##### Supplied data #####

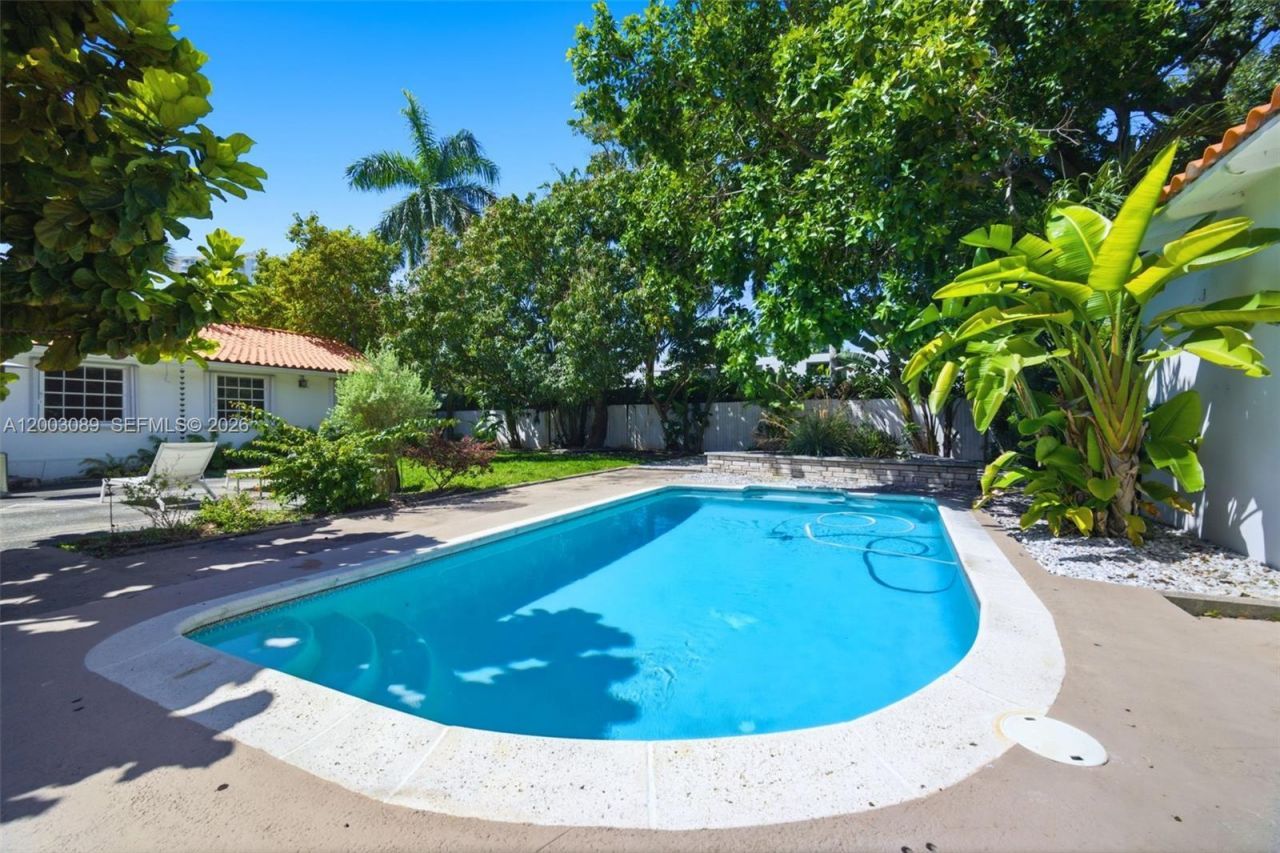 2300 S Miami Ave , Miami, FL 33129 Photo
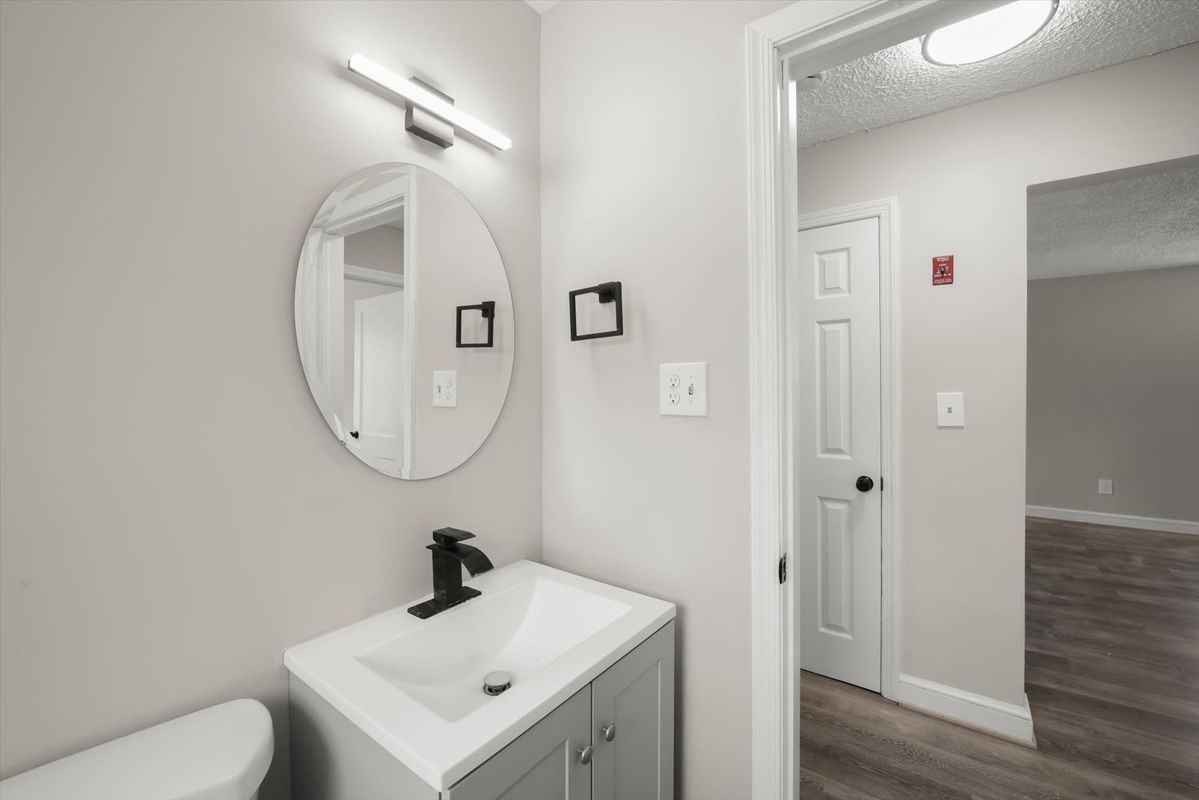 7520 Burgess Ln - Photo 6 of 20
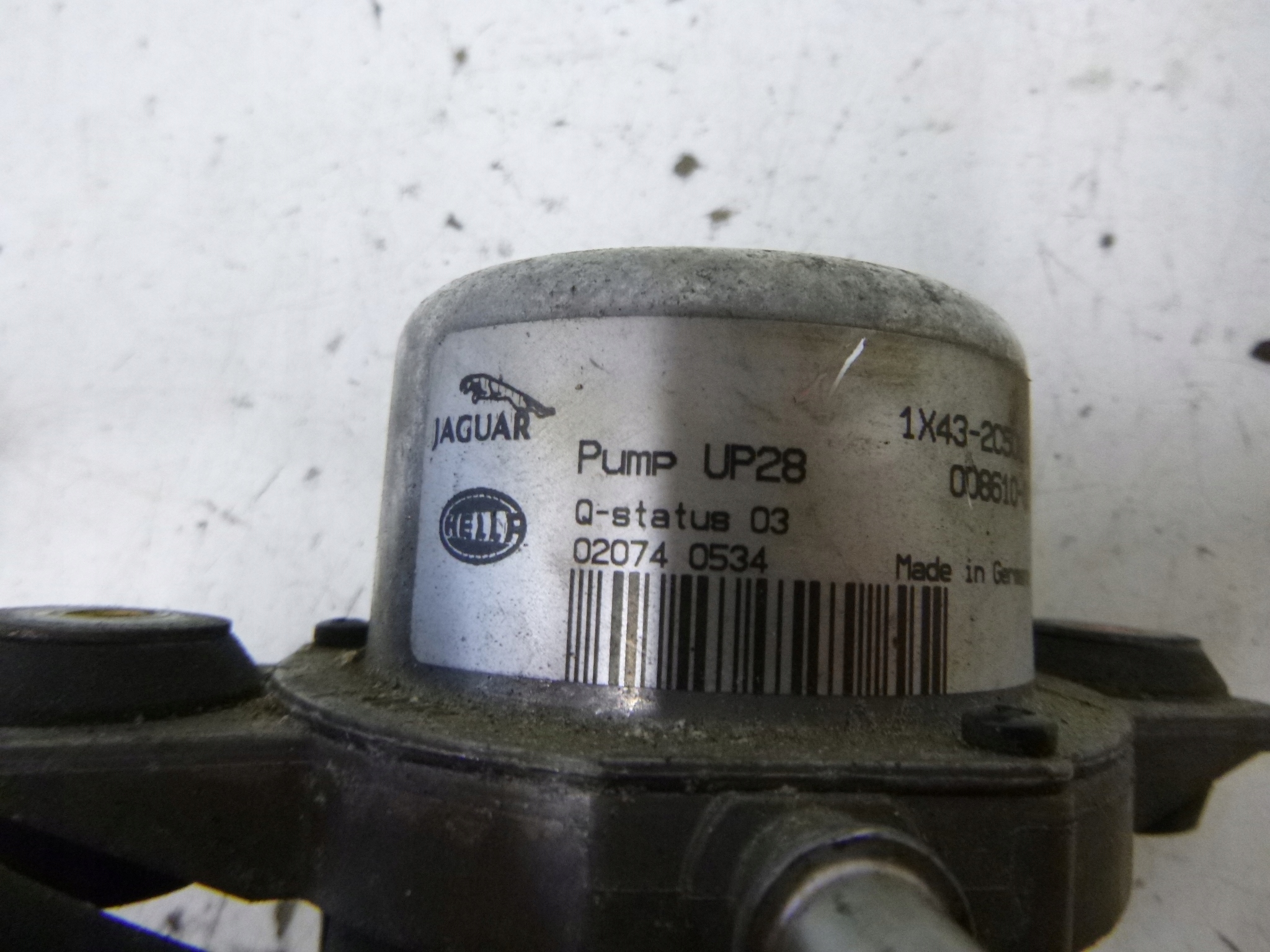 PUMPA CIRKULACIJE VODE ELEKTROVENTIL JAGUAR X TYPE 2.1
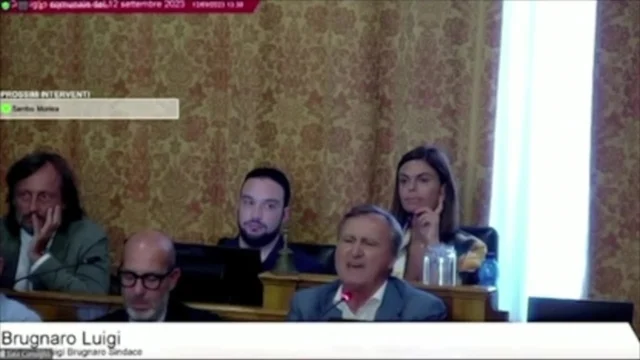Venezia, rissa in consiglio comunale. Brugnaro: "Fascista, cosa vuoi?"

#####

■ What needs to be done: All that is needed is the data above, repeated exactly, without the pictures.

■ Problem solution:
 2300 S Miami Ave , Miami, FL 33129 Photo
 7520 Burgess Ln - Photo 6 of 20
 PUMPA CIRKULACIJE VODE ELEKTROVENTIL JAGUAR X TYPE 2.1
Venezia, rissa in consiglio comunale. Brugnaro: "Fascista, cosa vuoi?"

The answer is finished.